Русские и другие славянские народы Советского Союза в годы террора также не получили пощады. Поиск шпионов на окраинах страны был особенно интенсивен. Москва обвинила десятки тысяч людей в шпионской деятельности в пользу Германии и Японии или в связях с антисоветскими шпионскими сетями. Люди, которые имели опыт проживания за границей, выезжали за пределы страны или имели связи с иностранцами, с высокой долей вероятности могли быть обвинены в шпионаже[575]

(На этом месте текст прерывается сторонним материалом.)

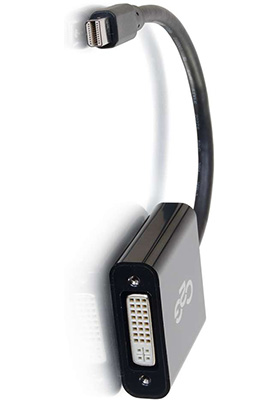 Mini DisplayPort to DVI-D Active Adapter/Converter, Black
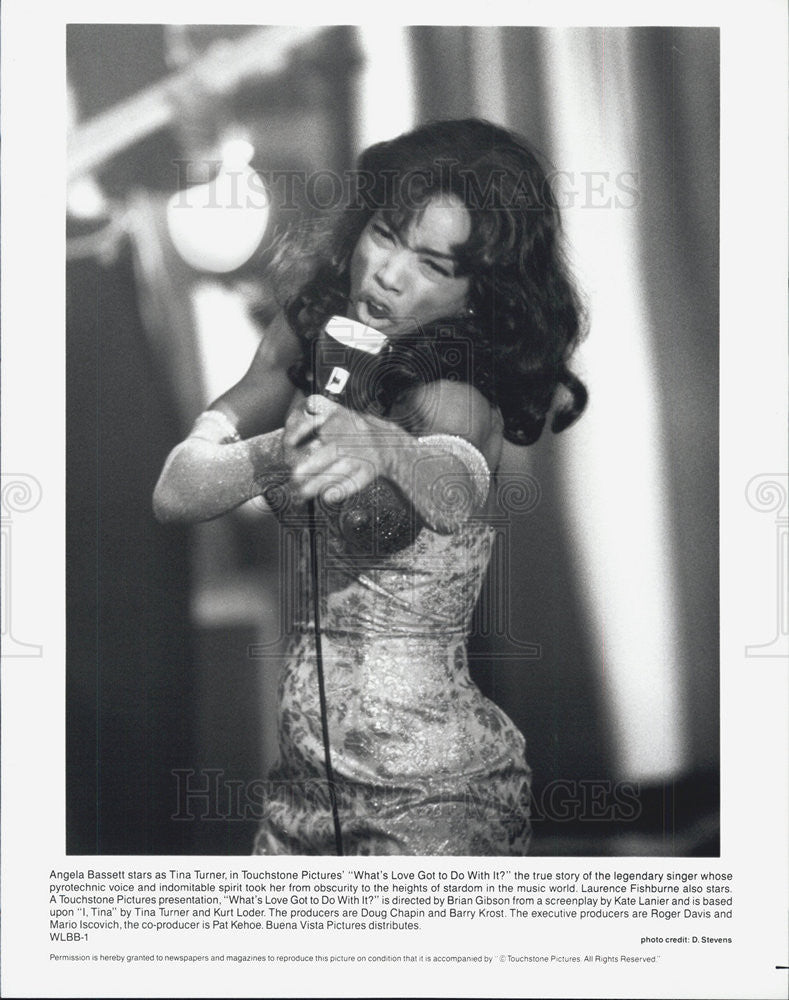 1993 Press Photo Angela Bassett Actress What&#39;s Love Got To Do With It Film Movie - Historic Images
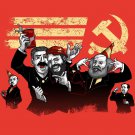 Communist Party Funny Pun Famous Communist Leaders Partying - Vinyl Sticker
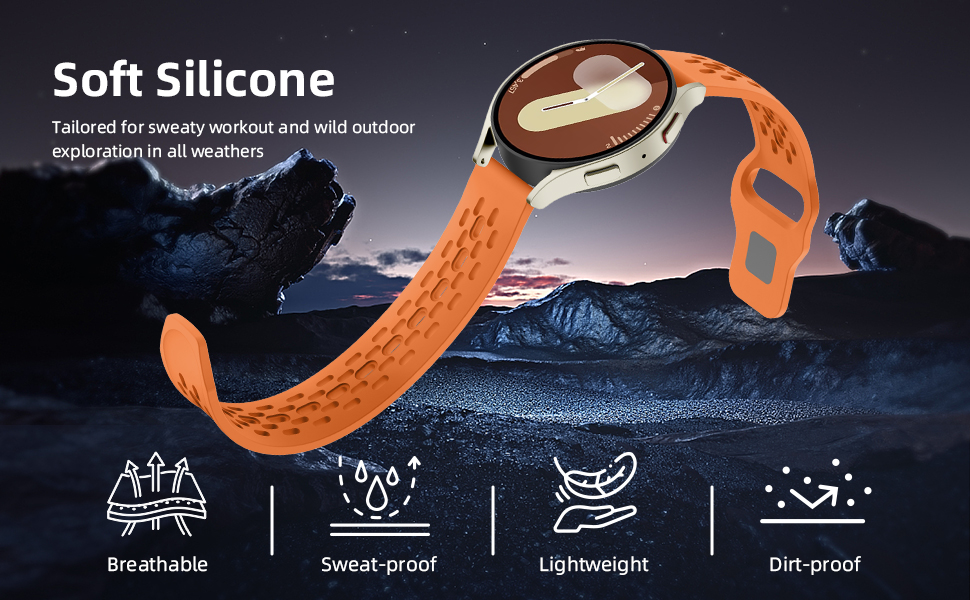 Breathable Bands Compatible with Samsung Galaxy Watch 7/6/5/4 Band 40mm 44mm
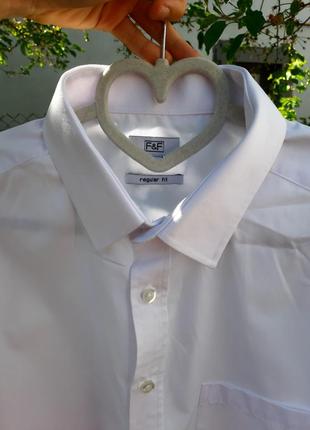 Рубашка белая мужская свадебное рубашка с длинным рукавом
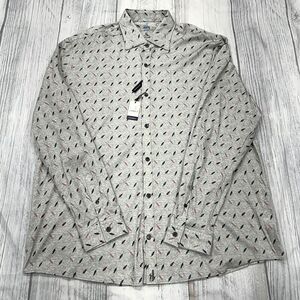 NWT Johnnie O Button Ruskin Featherweight‎ Shirt XL Surf Skate Golf Mens $168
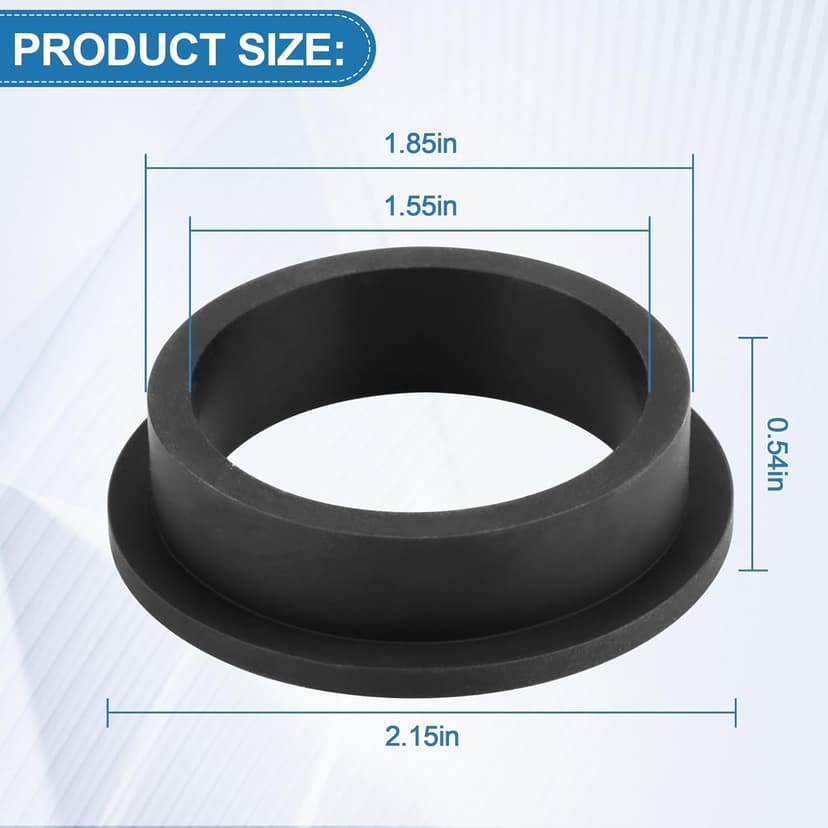 11228 L-Shape O-Ring Gasket Replacement for Intex Sand Filter Pumps Motor Seals, Pool Sand Pumps Part Hose Seals Repair Set - 6 Pack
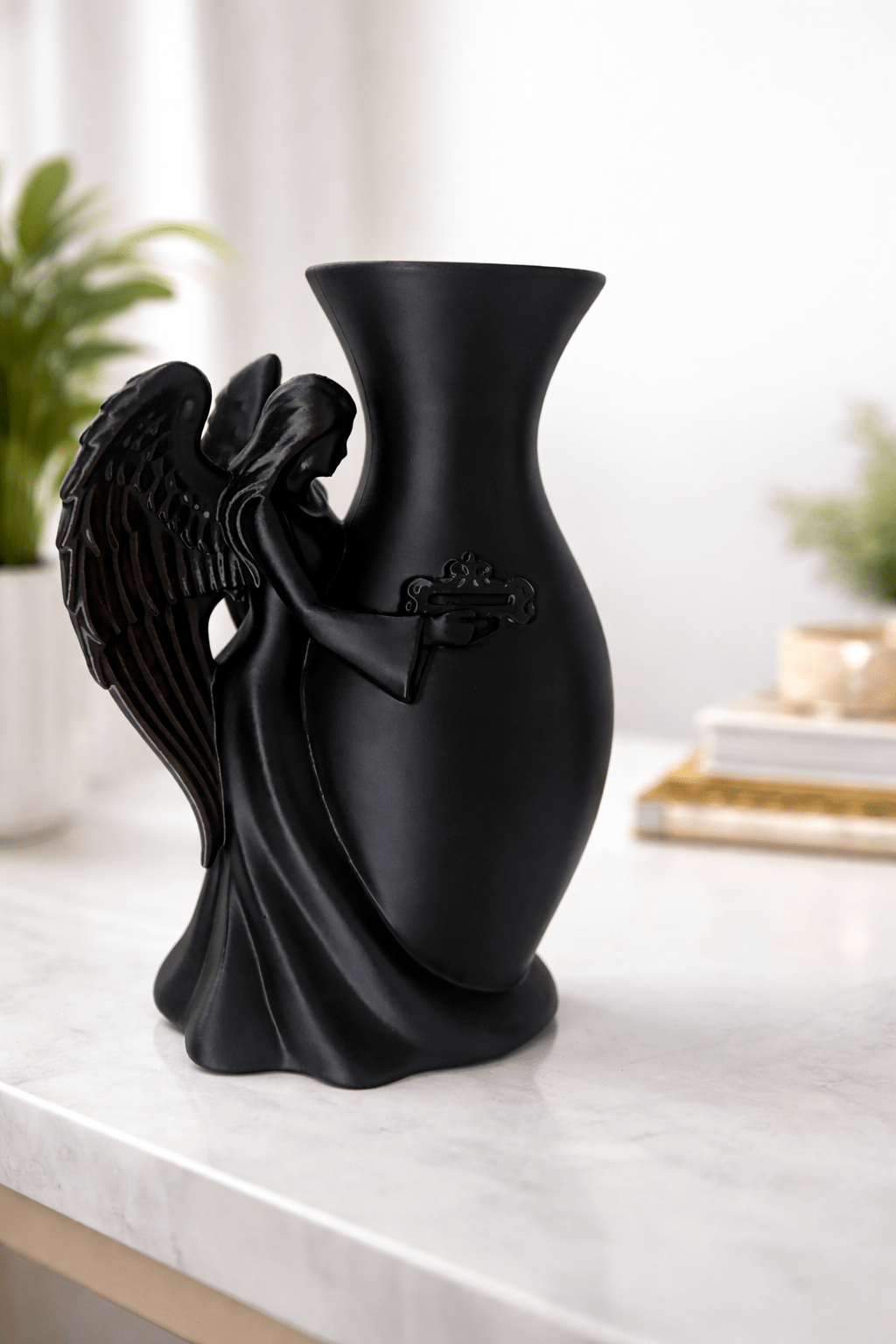 Melek Figürlü Dekoratif Vazo - Dekoratif Aksesuar - Line Home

. 1937 и 1938 годы – пик сталинского террора, когда резко возросло количество арестов за шпионаж: с 10 % от всех арестов в 1937 году до 26,8 % – в 1938 году. В эти же два года 18 341 и 34 565 человек соответственно были обвинены в шпионаже в пользу Японии, что составило примерно пятую часть всех арестов за шпионаж за этот период[576].Суды над шпионами на Дальнем Востоке начались уже в середине 1930-х годов. Японские шпионы начали «обнаруживаться» повсюду, когда в июле 1937 года вступил в силу оперативный приказ НКВД № 00447 и была введена квота на расстрелы. Советские железнодорожники, работавшие в Маньчжурии, не избежали чисток. Шестнадцать из тридцати девяти служащих железной дороги были определены как политически неблагонадежные или подозревались в шпионаже в пользу Японии – одни, потому что читали эмигрантскую прессу, другие, потому что, как утверждалось, принимали активное участие в местных фашистских организациях. Среди них оказался Андрей Саввич Сизинов, советский начальник станции Маньчжурия. Двадцать один человек (русские), нанятый на месте и работавший в основном уборщиками, был исключен из этой классификации. Тринадцать иностранцев (китайцев), нанятых в качестве чернорабочих, в свою очередь, были признаны шпионами в пользу Японии[577]
.Хироаки Куромия попытался наделить убитых в 1937 и 1938 годах голосами, перечитав личные дела расстрелянных, скомпилированные НКВД. Эти документы часто оказываются единственным источником информации для историков, но, по сути, они являются вымыслом. Какими бы сфабрикованными ни были протоколы допросов, они все же позволяют нам предположить, как могла бы работать межграничная шпионская сеть[578]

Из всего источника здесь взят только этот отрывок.